■ **Records supplied**:
● ● ● ●
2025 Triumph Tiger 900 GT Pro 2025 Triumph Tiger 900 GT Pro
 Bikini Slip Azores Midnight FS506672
● ● ● ●
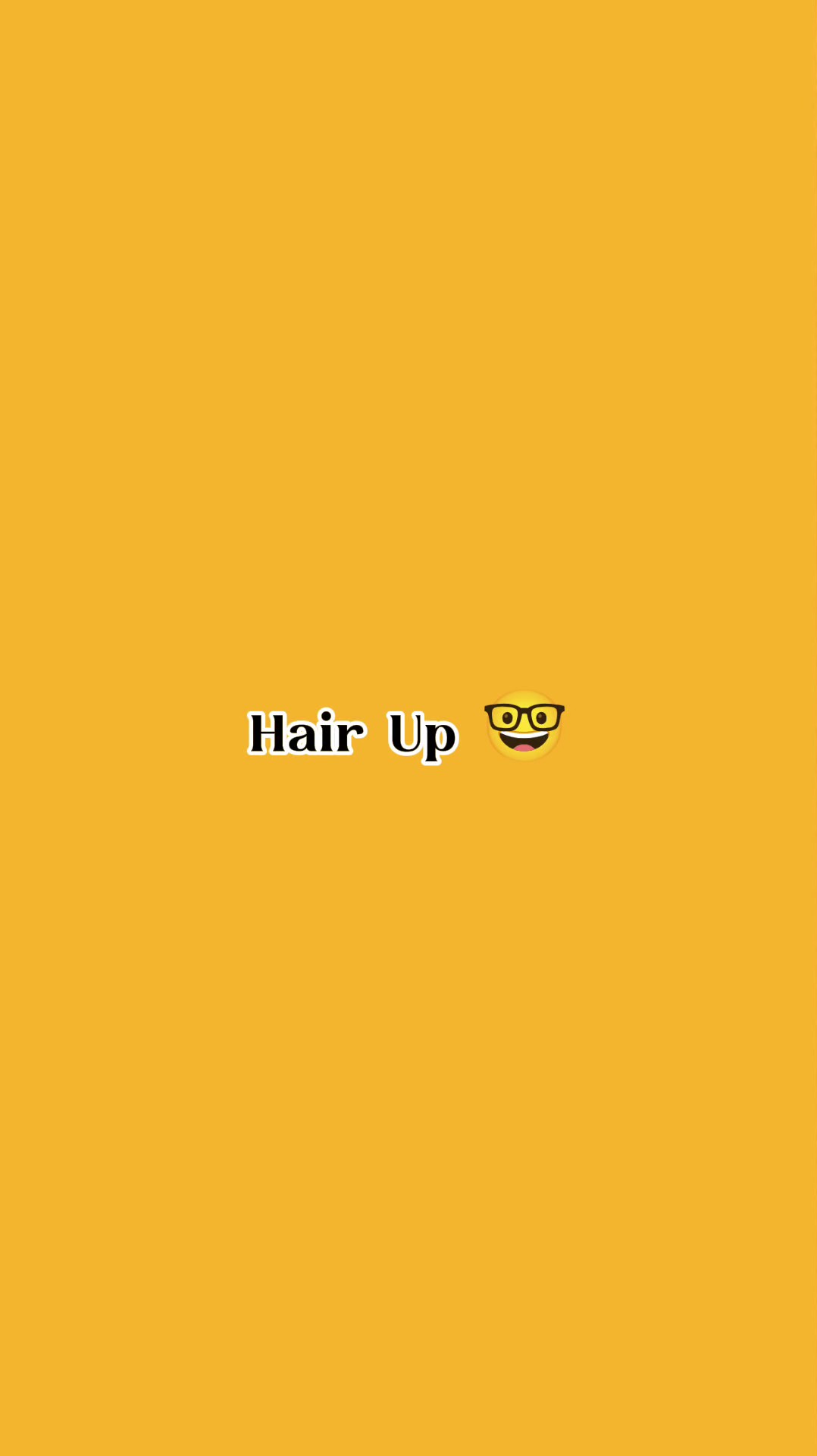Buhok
● ● ● ●
■ **Your assignment**:
Quote the listing above, but only from the line that shows "2025 Triumph Tiger 900 GT Pro 2025" through the line that shows "Bikini Slip Azores Midnight FS506672".

■ **Answer section**:
2025 Triumph Tiger 900 GT Pro 2025 Triumph Tiger 900 GT Pro
 Bikini Slip Azores Midnight FS506672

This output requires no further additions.